Which of the lines below holds the string "wooden"? Copy every line that does.

------------------------

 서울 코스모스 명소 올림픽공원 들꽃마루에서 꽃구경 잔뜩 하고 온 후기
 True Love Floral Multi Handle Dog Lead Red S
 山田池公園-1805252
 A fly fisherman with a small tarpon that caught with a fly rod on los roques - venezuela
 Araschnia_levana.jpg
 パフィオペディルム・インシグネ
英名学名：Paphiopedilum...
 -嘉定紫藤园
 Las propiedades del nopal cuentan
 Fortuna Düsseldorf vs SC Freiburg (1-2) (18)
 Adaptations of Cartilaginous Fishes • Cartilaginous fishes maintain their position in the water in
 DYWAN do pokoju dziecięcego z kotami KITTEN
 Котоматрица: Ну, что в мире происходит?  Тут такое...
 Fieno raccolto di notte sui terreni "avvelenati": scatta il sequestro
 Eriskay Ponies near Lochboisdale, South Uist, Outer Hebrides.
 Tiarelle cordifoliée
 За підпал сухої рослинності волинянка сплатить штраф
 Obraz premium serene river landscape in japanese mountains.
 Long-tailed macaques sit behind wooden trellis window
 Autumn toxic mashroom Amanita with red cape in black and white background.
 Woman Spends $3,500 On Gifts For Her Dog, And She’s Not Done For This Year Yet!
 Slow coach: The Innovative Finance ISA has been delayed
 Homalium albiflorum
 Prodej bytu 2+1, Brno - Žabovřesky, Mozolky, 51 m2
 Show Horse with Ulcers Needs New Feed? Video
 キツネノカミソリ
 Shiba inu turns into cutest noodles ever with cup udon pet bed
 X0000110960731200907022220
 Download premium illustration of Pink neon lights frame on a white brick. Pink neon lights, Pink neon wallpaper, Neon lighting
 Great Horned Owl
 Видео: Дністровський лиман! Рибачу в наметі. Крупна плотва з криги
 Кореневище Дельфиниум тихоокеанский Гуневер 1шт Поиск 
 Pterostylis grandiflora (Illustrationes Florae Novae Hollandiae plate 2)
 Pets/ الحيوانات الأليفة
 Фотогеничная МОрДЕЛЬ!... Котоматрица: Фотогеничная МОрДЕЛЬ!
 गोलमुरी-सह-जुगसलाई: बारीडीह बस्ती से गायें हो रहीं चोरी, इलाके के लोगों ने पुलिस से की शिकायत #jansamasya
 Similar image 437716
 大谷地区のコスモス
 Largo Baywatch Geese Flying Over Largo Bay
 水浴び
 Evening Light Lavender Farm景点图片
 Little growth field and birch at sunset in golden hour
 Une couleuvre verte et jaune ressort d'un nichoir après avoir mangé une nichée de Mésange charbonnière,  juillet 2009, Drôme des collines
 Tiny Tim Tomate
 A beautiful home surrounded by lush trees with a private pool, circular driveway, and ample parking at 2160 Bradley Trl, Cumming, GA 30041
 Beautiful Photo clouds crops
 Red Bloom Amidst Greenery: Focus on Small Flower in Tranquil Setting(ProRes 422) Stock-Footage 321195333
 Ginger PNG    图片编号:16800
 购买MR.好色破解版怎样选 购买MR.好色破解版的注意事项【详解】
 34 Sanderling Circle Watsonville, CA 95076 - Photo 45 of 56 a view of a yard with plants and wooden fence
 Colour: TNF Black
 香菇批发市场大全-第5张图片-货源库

------------------------

#### TASK ANSWER
 Long-tailed macaques sit behind wooden trellis window
 34 Sanderling Circle Watsonville, CA 95076 - Photo 45 of 56 a view of a yard with plants and wooden fence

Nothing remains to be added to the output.